The full public use data can be obtained by registering with the
UK Data
Archive
- Family Resources Survey data subset(0.2Mb) from
PEAS
The full public use data can be obtained by registering with the
UK Data
Archive
- The PPS sample of US election data used in section 3.3 and the
population it came from
are built in to the survey package and can be loaded with
data(election)
- The map examples based on BRFSS data used the version of the BRFSS
GIS data that was available in late 2008. In March 2009 the data file was
changed, omitting the FIPS codes. To make the map code in the book work,
you need the old version.
- Data (mscm.txt) from the Mothers' and
Children's Morbidity Study, used in Chapter 10. These data were obtained
from Patrick Heagerty's web
site for Analysis of Longitudinal Data by Diggle, Heagerty,
Liang & Zeger.
- The BRFSS 2007 data as a HUGE (245Mb) SQLite
database.
Graphs
- Color plots of the 2004 US election: a sample of 5000 votes, colored
and jittered, with dots or transparent circles. A color version of
Figure 3.1, mentioned in section 4.6.1
- Coplot of systolic and diastolic
blood pressure by age and sex, data
from NHANES 2003-2004, mentioned in section 4.5 of the book.

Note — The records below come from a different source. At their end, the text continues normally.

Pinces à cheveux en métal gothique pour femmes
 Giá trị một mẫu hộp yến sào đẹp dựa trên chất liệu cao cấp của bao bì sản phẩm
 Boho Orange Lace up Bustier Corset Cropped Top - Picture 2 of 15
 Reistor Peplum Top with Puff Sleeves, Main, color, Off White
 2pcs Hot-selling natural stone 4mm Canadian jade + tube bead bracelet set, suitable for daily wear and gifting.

- code for the combined city/count BRFSS
maps at the end of chapter 4. This uses the CDC 'SMART' data
- Health insurance by state and age, a
color version of Figure 4.24. Unfortunately, the CDC have modified the
'SMART' GIS data to exclude the FIPS codes for states. To make the code
in the
book work, you need the old version
- Code for Figures 4.25 and 4.26, and
other variations on maps with both city and state data. These need the the old version of the BRFSS GIS data (with FIPS
codes). Unzip the file in a subdirectory called GIS and run the
code in the parent directory.
Other books you might prefer
Some (otherwise) reasonable people think that a book on survey analysis
should have lots of formulas, shouldn't be tied to a particular
software system, and should be written by someone with more of a
publication record in
survey methodology. There are many excellent books available that satisfy
these criteria, and I can recommend the following three from personal
experience:
- For an improved version of the standard undergraduate course, Sharon Lohr's Sampling:
Design and Analysis. The second edition has just appeared, and
expands the areas covered. It includes code in SAS, which some people will
see another added feature.
Tobias Verbeke had packaged the
data sets and exercises in the first edition for R.
- For mathematical details, Model
Assisted Survey Sampling by Sarndal, Swensson, and Wretman. This is
the main reference for formulas in my book.
- If you are not interested in R or in doing your own two-phase
designs,
Analysis
of Health Surveys by Korn and Graubard covers fairly similar topics
to my book, with slightly more mathematics.